> What to produce
From the records below, transcribe only the lines running from the one with "Dije Medalla Árbol" through the one with "韓國 Calvin Klein". Keep both of those end lines.

> Input for this task
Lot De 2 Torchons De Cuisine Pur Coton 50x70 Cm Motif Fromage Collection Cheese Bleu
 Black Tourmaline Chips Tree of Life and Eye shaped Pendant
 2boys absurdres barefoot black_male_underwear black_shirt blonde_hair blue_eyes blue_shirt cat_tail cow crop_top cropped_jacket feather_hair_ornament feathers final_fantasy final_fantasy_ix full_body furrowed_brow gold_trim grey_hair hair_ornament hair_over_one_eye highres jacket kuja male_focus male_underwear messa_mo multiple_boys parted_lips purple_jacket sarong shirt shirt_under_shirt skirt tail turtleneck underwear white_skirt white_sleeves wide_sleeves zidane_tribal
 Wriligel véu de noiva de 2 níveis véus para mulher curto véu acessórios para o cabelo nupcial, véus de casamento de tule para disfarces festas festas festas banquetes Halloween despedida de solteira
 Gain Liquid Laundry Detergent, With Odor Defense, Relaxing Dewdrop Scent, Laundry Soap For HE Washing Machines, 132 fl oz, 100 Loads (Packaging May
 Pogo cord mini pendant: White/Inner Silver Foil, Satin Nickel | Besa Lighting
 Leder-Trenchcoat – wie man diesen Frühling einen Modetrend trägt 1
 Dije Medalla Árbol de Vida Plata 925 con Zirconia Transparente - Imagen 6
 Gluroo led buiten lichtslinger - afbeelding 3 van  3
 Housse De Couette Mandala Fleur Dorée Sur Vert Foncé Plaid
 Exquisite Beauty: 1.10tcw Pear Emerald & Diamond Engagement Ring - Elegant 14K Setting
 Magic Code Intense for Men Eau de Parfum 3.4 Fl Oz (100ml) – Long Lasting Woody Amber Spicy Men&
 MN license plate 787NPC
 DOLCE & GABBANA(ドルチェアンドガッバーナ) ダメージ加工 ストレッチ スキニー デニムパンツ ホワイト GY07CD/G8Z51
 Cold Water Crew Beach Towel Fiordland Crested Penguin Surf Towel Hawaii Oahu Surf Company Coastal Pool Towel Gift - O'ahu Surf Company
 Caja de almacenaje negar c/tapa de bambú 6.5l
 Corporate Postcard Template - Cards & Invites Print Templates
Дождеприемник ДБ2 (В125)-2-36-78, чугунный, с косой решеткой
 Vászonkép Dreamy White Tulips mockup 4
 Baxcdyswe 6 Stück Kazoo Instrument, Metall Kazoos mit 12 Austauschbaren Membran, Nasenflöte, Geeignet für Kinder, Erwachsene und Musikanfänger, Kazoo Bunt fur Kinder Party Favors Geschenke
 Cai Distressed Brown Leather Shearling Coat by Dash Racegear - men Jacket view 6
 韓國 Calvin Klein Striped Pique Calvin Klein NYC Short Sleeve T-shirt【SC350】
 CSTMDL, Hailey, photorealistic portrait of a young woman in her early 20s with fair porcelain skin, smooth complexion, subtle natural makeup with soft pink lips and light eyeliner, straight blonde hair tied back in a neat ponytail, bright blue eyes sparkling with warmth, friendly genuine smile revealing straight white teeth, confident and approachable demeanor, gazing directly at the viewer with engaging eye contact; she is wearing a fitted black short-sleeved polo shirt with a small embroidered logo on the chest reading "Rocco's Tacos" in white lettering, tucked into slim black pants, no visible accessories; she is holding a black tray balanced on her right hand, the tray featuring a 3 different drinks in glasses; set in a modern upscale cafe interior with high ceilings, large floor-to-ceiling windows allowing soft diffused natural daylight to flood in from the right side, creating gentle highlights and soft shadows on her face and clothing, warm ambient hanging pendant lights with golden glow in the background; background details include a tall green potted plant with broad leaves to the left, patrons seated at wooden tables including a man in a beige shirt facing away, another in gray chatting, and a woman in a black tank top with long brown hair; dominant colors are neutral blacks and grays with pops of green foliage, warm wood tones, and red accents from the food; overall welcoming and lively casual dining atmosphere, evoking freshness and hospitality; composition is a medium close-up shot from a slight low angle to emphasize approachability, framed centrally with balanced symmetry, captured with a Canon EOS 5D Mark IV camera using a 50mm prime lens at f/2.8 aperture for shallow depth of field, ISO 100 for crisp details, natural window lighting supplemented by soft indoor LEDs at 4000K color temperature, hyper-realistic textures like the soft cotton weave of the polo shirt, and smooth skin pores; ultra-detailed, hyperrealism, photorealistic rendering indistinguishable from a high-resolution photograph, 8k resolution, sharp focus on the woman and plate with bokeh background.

> Answer box
 Dije Medalla Árbol de Vida Plata 925 con Zirconia Transparente - Imagen 6
 Gluroo led buiten lichtslinger - afbeelding 3 van  3
 Housse De Couette Mandala Fleur Dorée Sur Vert Foncé Plaid
 Exquisite Beauty: 1.10tcw Pear Emerald & Diamond Engagement Ring - Elegant 14K Setting
 Magic Code Intense for Men Eau de Parfum 3.4 Fl Oz (100ml) – Long Lasting Woody Amber Spicy Men&
 MN license plate 787NPC
 DOLCE & GABBANA(ドルチェアンドガッバーナ) ダメージ加工 ストレッチ スキニー デニムパンツ ホワイト GY07CD/G8Z51
 Cold Water Crew Beach Towel Fiordland Crested Penguin Surf Towel Hawaii Oahu Surf Company Coastal Pool Towel Gift - O'ahu Surf Company
 Caja de almacenaje negar c/tapa de bambú 6.5l
 Corporate Postcard Template - Cards & Invites Print Templates
Дождеприемник ДБ2 (В125)-2-36-78, чугунный, с косой решеткой
 Vászonkép Dreamy White Tulips mockup 4
 Baxcdyswe 6 Stück Kazoo Instrument, Metall Kazoos mit 12 Austauschbaren Membran, Nasenflöte, Geeignet für Kinder, Erwachsene und Musikanfänger, Kazoo Bunt fur Kinder Party Favors Geschenke
 Cai Distressed Brown Leather Shearling Coat by Dash Racegear - men Jacket view 6
 韓國 Calvin Klein Striped Pique Calvin Klein NYC Short Sleeve T-shirt【SC350】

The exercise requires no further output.